For each line below with the word "Park", write out a copy.

== RECORDS ==
------------------------
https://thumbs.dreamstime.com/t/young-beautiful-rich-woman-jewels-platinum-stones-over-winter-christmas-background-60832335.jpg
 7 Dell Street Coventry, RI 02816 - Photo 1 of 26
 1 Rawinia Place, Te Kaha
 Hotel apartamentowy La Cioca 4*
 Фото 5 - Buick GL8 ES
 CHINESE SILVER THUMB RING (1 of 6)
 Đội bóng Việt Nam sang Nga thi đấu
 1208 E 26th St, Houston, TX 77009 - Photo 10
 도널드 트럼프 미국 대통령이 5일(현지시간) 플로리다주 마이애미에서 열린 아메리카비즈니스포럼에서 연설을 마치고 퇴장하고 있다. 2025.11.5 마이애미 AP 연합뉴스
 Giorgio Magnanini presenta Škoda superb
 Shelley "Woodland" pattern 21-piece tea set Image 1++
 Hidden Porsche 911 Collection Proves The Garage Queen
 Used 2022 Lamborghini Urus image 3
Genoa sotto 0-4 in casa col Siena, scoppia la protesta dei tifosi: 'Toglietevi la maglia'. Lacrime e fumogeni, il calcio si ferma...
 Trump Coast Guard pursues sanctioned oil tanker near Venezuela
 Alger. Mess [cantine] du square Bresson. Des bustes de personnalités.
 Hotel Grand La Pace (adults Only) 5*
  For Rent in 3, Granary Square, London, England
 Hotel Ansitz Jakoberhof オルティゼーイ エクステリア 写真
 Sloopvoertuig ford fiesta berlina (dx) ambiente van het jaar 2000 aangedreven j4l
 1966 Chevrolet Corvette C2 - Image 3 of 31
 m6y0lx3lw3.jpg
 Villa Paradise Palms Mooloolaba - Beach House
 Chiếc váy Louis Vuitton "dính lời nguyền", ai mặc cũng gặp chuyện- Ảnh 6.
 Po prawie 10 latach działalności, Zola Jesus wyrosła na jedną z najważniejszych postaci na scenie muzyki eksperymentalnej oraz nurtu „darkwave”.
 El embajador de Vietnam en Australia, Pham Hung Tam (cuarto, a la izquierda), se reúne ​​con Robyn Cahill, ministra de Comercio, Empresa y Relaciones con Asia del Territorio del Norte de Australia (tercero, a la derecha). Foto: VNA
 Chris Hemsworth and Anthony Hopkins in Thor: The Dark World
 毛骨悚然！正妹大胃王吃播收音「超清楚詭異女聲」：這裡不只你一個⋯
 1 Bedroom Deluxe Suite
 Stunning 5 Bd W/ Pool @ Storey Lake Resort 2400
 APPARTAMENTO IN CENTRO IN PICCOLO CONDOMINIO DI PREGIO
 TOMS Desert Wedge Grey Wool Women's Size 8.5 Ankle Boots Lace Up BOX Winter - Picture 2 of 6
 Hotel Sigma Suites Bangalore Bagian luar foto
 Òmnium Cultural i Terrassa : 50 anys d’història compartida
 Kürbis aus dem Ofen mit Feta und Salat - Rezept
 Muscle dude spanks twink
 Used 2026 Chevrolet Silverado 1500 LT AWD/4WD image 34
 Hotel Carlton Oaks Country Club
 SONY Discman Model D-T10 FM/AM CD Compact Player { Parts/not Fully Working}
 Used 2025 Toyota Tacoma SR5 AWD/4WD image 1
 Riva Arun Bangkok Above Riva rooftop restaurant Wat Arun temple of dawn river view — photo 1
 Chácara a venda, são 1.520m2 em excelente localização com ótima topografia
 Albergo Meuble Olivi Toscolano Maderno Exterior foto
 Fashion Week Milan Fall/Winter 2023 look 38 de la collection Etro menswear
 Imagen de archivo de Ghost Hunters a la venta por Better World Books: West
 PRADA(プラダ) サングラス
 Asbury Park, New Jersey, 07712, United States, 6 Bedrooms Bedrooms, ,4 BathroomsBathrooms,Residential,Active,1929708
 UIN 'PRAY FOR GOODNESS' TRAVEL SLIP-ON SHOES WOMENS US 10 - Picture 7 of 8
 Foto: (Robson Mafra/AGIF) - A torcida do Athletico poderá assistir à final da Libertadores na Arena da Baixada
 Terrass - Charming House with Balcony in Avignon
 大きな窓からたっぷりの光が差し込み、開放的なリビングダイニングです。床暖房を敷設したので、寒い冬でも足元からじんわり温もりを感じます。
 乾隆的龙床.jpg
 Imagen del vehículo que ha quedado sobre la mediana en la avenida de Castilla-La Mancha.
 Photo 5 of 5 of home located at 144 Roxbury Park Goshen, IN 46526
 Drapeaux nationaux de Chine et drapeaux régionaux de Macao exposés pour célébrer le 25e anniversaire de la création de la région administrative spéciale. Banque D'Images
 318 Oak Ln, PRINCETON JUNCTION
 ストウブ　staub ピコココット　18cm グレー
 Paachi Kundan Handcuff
------------------------
== SOLUTION TO THE PROBLEM ==
 Asbury Park, New Jersey, 07712, United States, 6 Bedrooms Bedrooms, ,4 BathroomsBathrooms,Residential,Active,1929708
 Photo 5 of 5 of home located at 144 Roxbury Park Goshen, IN 46526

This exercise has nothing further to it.